**Activity**
After finding the line with "Grand Dört Kişilik Oda, Küvet" in the data below, set down exactly each line through the one with "R. Short Roofing Picture 6", inclusive, and stop there.

----

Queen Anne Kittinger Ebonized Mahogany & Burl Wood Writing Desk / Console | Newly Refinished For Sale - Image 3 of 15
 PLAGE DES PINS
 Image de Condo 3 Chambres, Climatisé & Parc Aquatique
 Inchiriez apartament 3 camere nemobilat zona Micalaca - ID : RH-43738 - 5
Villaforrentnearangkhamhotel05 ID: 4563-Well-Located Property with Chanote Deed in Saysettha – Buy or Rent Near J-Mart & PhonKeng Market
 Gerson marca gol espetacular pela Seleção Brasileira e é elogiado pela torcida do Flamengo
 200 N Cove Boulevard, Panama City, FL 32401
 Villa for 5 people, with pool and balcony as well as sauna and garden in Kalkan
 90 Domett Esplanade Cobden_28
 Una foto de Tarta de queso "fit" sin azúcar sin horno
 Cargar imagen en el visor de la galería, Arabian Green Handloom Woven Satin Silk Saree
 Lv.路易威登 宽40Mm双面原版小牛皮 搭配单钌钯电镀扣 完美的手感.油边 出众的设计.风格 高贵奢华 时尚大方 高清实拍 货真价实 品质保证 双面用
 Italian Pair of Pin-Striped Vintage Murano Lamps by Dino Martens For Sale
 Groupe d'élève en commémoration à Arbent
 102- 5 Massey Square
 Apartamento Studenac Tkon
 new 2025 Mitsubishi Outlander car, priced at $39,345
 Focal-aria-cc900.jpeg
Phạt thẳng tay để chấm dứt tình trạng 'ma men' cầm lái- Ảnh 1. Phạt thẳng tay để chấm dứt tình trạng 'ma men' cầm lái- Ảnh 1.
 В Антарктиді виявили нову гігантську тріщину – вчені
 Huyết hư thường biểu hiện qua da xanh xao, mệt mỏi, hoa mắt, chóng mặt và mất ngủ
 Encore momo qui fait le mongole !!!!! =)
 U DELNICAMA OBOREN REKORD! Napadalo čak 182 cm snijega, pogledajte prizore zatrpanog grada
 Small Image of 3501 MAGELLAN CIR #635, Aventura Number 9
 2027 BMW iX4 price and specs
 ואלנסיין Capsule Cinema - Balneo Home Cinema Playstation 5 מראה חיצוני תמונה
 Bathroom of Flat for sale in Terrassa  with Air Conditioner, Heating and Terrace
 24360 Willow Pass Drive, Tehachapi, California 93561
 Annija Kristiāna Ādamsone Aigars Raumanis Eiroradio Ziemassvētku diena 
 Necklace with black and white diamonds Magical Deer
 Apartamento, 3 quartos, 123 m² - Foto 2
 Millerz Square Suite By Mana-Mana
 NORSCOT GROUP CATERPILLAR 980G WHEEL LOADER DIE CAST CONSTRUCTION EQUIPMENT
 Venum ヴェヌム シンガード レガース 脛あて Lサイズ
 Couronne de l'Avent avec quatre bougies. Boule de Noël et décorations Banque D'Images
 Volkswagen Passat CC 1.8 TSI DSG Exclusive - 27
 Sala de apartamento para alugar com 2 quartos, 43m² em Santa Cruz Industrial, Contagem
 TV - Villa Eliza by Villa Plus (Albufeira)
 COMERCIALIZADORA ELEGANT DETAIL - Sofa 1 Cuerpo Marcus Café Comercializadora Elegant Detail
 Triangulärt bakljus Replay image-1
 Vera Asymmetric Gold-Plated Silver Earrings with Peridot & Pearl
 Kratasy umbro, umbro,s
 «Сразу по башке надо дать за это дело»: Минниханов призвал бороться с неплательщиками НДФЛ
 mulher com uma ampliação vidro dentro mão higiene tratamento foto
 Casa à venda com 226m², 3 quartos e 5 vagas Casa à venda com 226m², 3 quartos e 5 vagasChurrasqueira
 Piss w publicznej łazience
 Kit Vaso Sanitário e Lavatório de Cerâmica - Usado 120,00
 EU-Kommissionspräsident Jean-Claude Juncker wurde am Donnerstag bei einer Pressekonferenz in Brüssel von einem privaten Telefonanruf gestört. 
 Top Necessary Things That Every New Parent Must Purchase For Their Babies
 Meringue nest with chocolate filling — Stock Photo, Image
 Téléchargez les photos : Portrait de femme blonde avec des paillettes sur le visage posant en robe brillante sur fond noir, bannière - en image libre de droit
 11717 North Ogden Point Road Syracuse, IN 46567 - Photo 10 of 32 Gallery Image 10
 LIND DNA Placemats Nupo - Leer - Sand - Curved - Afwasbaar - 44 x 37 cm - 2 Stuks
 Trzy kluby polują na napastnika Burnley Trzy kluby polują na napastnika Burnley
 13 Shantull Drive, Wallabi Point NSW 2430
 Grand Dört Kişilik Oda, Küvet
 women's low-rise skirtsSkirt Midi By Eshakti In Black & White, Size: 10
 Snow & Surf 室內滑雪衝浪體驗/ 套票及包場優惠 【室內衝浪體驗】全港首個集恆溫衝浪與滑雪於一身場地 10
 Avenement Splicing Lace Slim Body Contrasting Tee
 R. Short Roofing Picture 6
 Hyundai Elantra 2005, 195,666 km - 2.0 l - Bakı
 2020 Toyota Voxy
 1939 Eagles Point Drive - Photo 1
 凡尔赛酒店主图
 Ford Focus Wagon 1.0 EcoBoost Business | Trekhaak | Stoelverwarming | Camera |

----

**Answer for this exercise**
 Grand Dört Kişilik Oda, Küvet
 women's low-rise skirtsSkirt Midi By Eshakti In Black & White, Size: 10
 Snow & Surf 室內滑雪衝浪體驗/ 套票及包場優惠 【室內衝浪體驗】全港首個集恆溫衝浪與滑雪於一身場地 10
 Avenement Splicing Lace Slim Body Contrasting Tee
 R. Short Roofing Picture 6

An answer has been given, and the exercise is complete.